Note that if an organization is not "willing or in a condition to make their schema files available", than the test must fail.

In conclusion, the parser should be configured to honor the schemalocation of external schemas (and fail when not provided).

On the other hand, it should enforce the official schemas for known namespaces, such as ows and csw.

Entered By: Bigagli, Lorenzo - 2013-10-04 04:49:31

bermud commented 10 years ago

Lorenzo, I think I did not make myself clear enough.

My technical recommendation is to apply current CITE tests on the document where the extended capabilities element has been removed.

You can then analyze the extended capabilities element in a separate step without unduly polluting all the other test results.

Entered By: Quaglia, Angelo - 2013-10-04 05:27:43

bermud commented 10 years ago

Hi,

any news?

Entered By: Quaglia, Angelo - 2013-11-04 08:07:51

bermud commented 10 years ago

We are discussing the fix on the CITE-dev mailing list. You are welcome to subscribe there for direct interaction.

We will report here when we reach a conclusions.

Entered By: Bigagli, Lorenzo - 2013-11-04 08:17:26

bermud commented 10 years ago

Thanks.

According to the mailing list archives, the latest update was Tue Oct 15 12:20:45 EDT 2013

In what ways should I interact?

I have already stated my arguments here.

Is there planned date for the resolution?

Angelo

Entered By: Quaglia, Angelo - 2013-11-05 09:07:53

bermud commented 10 years ago

Rich and I will convene this friday late afternoon on skype to address the issue and possibly fix it.

You are welcome to join us.

Entered By: Bigagli, Lorenzo - 2013-11-05 12:27:21

bermud commented 10 years ago

Getting Xerces (2.11.0) to validate using schema location “hints” in the instance document is straightforward: just create a schema object without specifying a schema source.

Schema schema = SchemaFactory.newInstance(XMLConstants.W3C_XML_SCHEMA_NS_URI).newSchema(); Validator validator = schema.newValidator(); // Note: "honour-all-schemaLocations" feature is still false but the validator behaves as expected validator.setFeature(IGNORE_XSI_TYPE, true); // Doesn't ignore xsi:type="rim:FreeFormText" and reports an invalid type derivation

Note that setting the feature “ignore-xsi-type-until-elemdecl” didn’t cause that attribute to be ignored, presumably because a global element declaration had been found. So I’m not sure how this feature is supposed to work.

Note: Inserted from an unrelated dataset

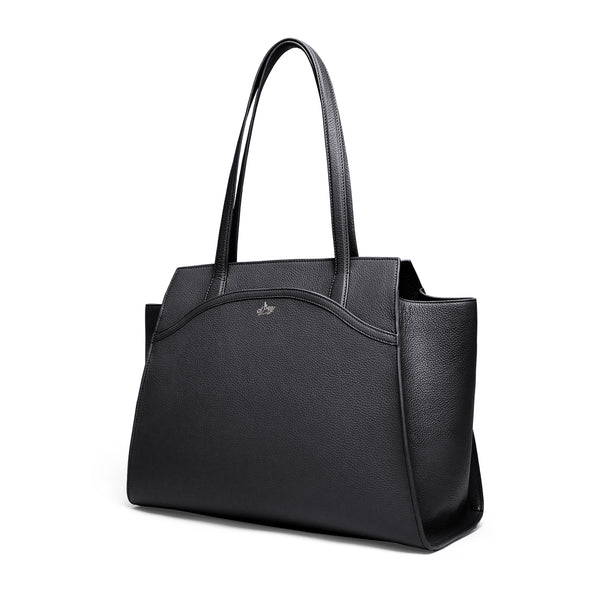 Tang Dynasty Grace Tote Bag - Black - Side View  | Shen Yun Shop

Now, if instead I construct a validator using a specific schema, and then set the feature “honour-all-schemaLocations” on the validator to be true, it appears to ignore the hint and only uses the given schema; the result is a complaint about not finding a declaration for the document element. So it appears that with the standard JAXP API it is not possible to both supply a schema and use location hints. Do one or the other. Perhaps this might be possible using an internal Xerces API, the so-called Xerces native interface.

Entered By: Martell, Richard - 2013-11-18 12:39:07

rjmartell commented 9 years ago

In the script CSW-GetCapabilities-GET.xml, almost every test is using a validating parser pre-configured with a particular set of standard schemas; these parsers are defined in common.xml.

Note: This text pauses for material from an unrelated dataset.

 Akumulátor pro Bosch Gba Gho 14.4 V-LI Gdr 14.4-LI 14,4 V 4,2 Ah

Note that the underlying Java class is com.occamlab.te.parsers.XMLValidatingParser. Perhaps it might be possible to allow an empty schema_links parameter so as to indicate that the validator should attempt to use schema location hints provided in the instance document.

lorebiga commented 9 years ago

Given the above, I would propose this solution for this issue:

1-prune the content of extendedCapabilities (may be empty) and validate the document with the official schemas 2-if the content of extendedCapabilities is not empty, validate the whole document using the user-specified location hints

Fixing issue #64 would support the above strategy.

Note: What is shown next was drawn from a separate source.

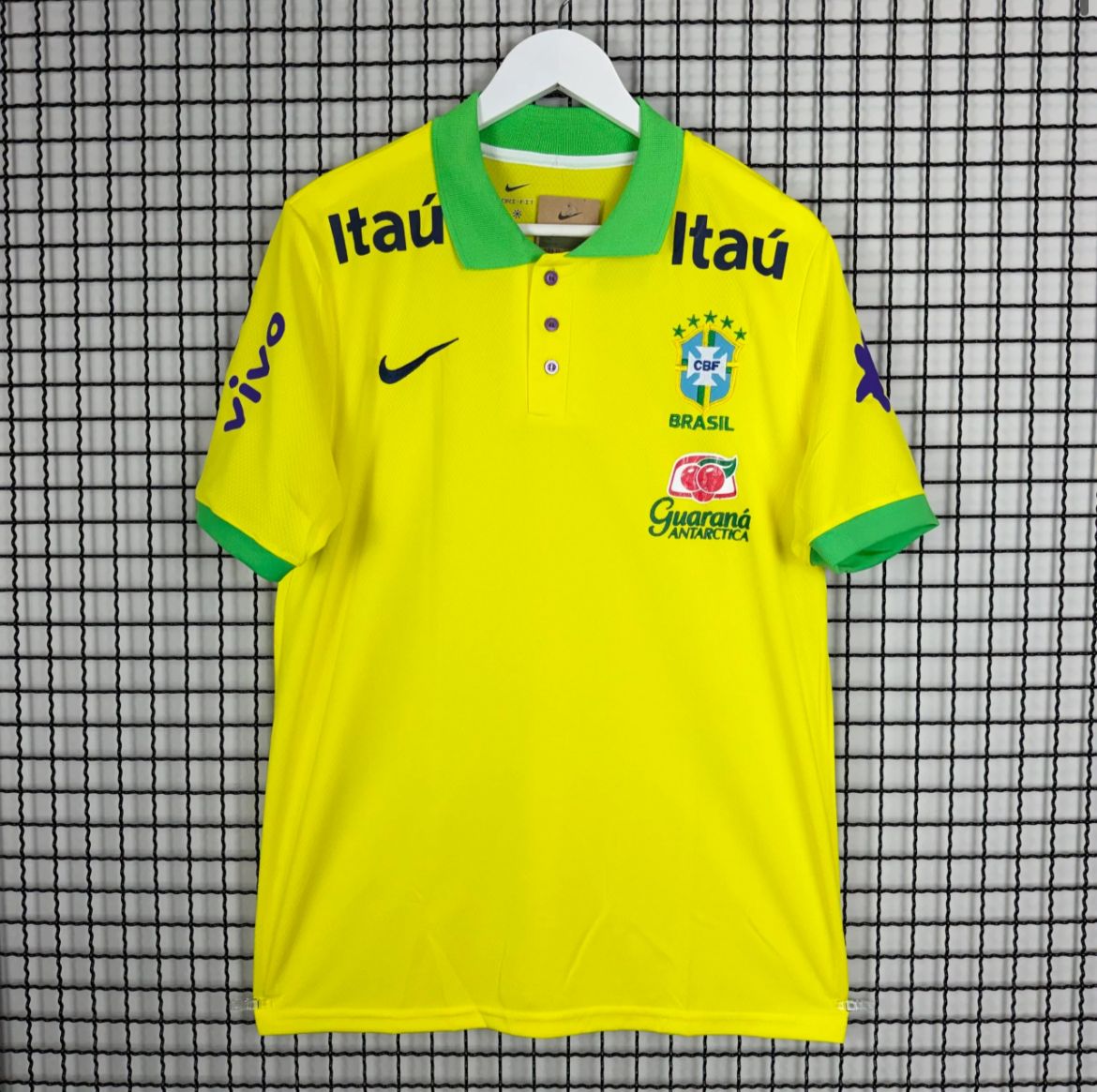 Camisa da Seleção Brasileira Polo Amarela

bermud commented 9 years ago

@lorebiga, I like your strategy.

rjmartell commented 9 years ago

In teamegine-core-4.0.6, XMLValidatingParser will no longer raise an error if no schema references are supplied; in this case it will attempt to use the xsi:schemaLocation "hints" given in the instance document.

lorebiga commented 9 years ago

Release note: the test requires that the capabilities document contains all the schema locations necessary for validation.